From the listing below, extract every line containing "play".

● **Recorded information**
□ □ □ □ □ □ □
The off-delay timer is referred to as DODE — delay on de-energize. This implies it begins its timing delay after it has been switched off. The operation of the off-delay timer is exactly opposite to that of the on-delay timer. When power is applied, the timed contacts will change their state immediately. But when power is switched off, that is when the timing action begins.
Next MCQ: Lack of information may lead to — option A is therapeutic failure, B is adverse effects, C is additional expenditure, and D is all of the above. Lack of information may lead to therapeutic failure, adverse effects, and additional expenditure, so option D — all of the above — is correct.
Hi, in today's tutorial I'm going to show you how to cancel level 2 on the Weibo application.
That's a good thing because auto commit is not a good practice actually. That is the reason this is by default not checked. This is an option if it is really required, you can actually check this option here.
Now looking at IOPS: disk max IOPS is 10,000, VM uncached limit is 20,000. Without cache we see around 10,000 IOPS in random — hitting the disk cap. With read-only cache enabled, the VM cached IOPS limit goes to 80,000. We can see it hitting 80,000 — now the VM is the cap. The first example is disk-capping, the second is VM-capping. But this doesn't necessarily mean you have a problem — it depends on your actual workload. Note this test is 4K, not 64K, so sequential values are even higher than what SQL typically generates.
□ □ □ □ □ □ □
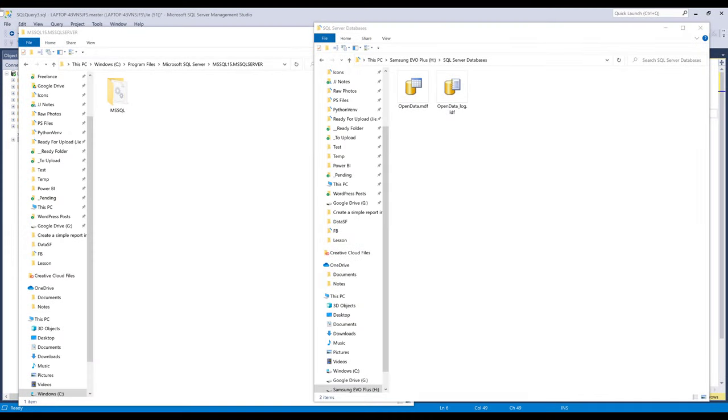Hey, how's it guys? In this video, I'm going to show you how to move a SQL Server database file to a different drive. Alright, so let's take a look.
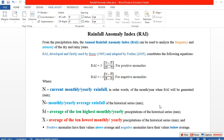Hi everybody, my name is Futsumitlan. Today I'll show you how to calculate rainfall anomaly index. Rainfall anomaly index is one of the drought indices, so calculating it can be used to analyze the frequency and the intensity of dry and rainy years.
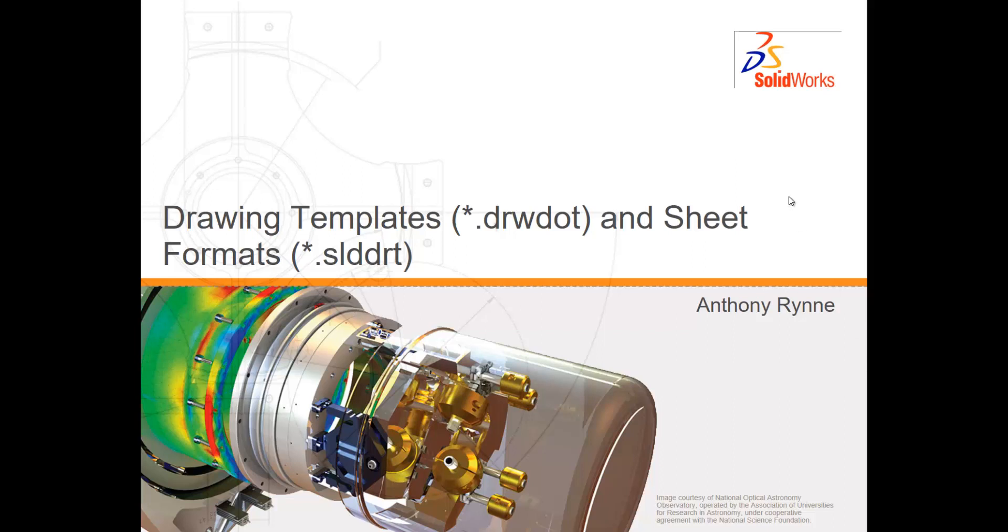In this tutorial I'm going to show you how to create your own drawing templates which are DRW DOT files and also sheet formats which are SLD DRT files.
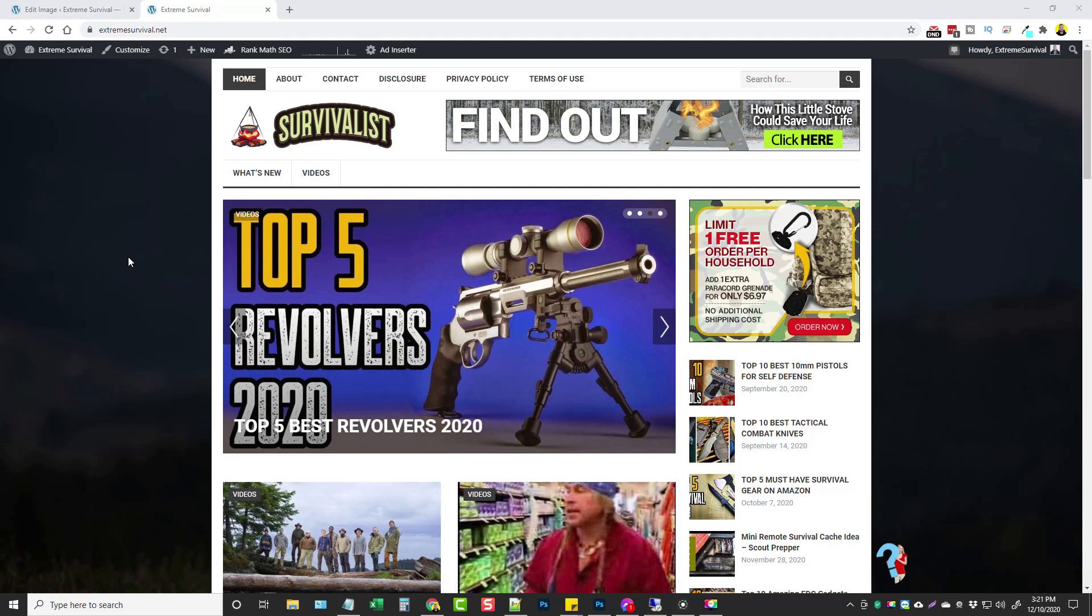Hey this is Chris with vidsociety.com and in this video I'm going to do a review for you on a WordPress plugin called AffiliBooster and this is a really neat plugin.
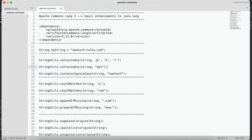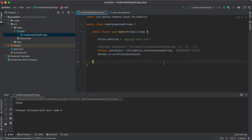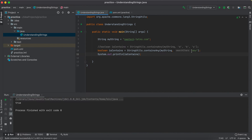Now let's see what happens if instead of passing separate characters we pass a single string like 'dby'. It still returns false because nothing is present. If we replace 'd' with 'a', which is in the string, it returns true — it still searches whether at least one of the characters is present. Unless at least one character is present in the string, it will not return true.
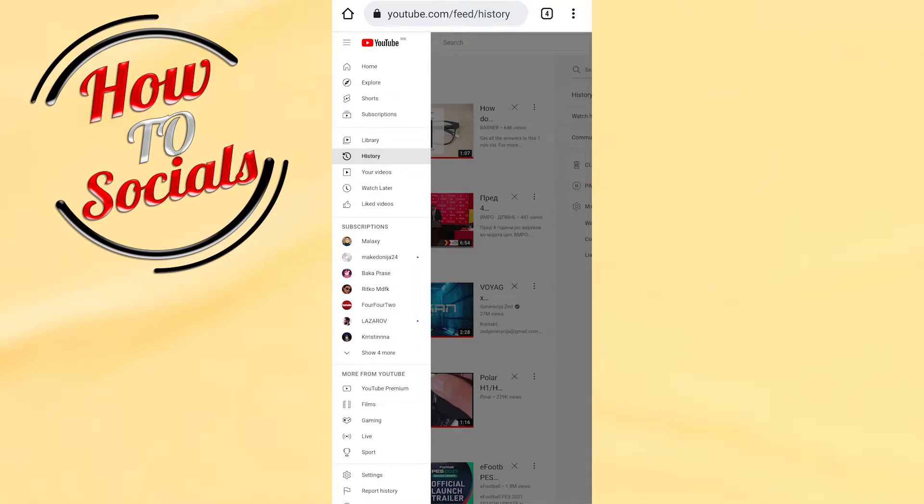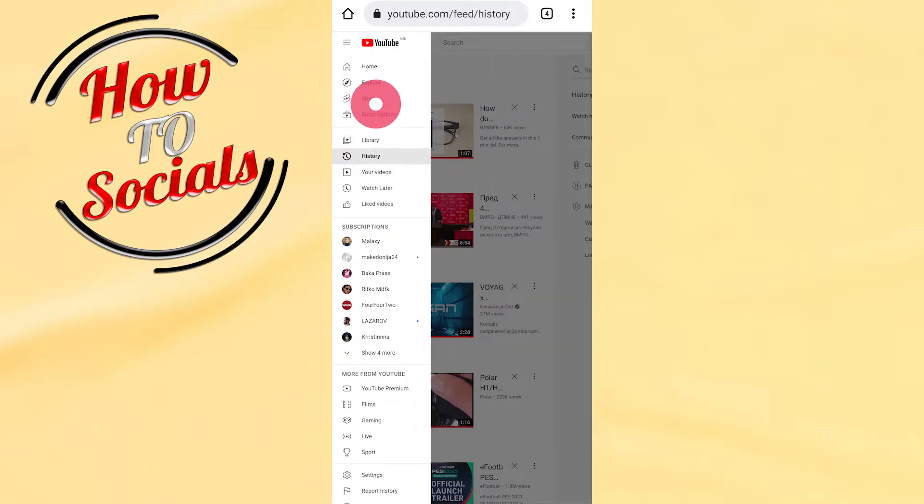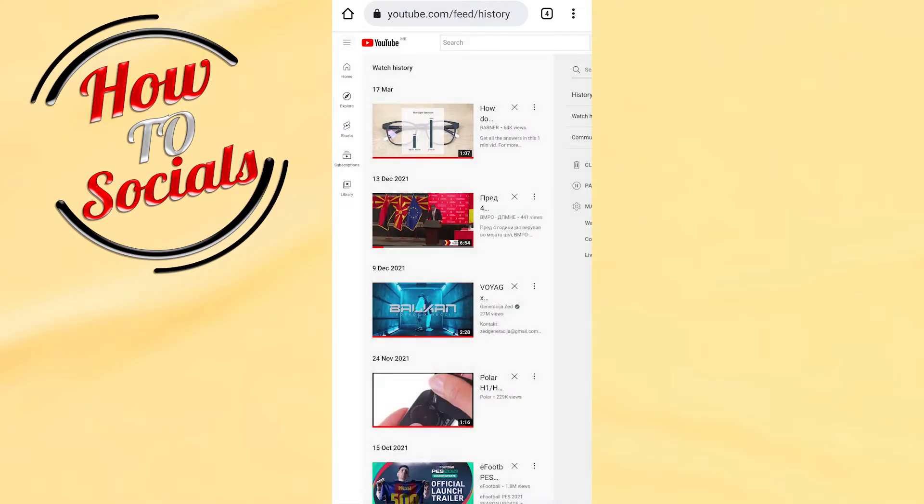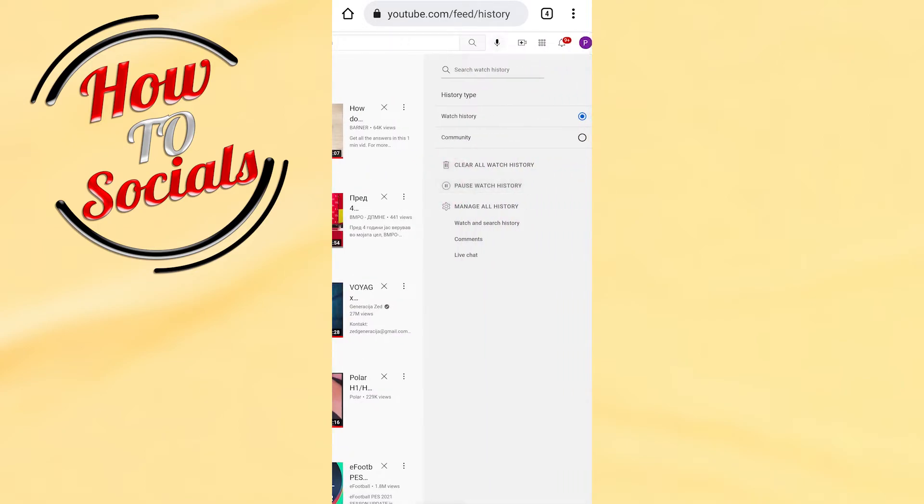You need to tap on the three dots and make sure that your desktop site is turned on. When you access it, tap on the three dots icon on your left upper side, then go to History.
□ □ □ □ □ □ □
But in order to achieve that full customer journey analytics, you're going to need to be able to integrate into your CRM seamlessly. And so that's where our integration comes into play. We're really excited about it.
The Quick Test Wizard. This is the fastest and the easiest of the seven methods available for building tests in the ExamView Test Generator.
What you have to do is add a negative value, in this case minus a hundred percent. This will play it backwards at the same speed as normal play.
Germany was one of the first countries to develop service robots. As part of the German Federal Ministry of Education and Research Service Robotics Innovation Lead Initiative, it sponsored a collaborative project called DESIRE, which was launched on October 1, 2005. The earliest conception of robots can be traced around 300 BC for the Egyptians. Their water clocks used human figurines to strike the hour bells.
□ □ □ □ □ □ □
● **Written solution**
But in order to achieve that full customer journey analytics, you're going to need to be able to integrate into your CRM seamlessly. And so that's where our integration comes into play. We're really excited about it.
What you have to do is add a negative value, in this case minus a hundred percent. This will play it backwards at the same speed as normal play.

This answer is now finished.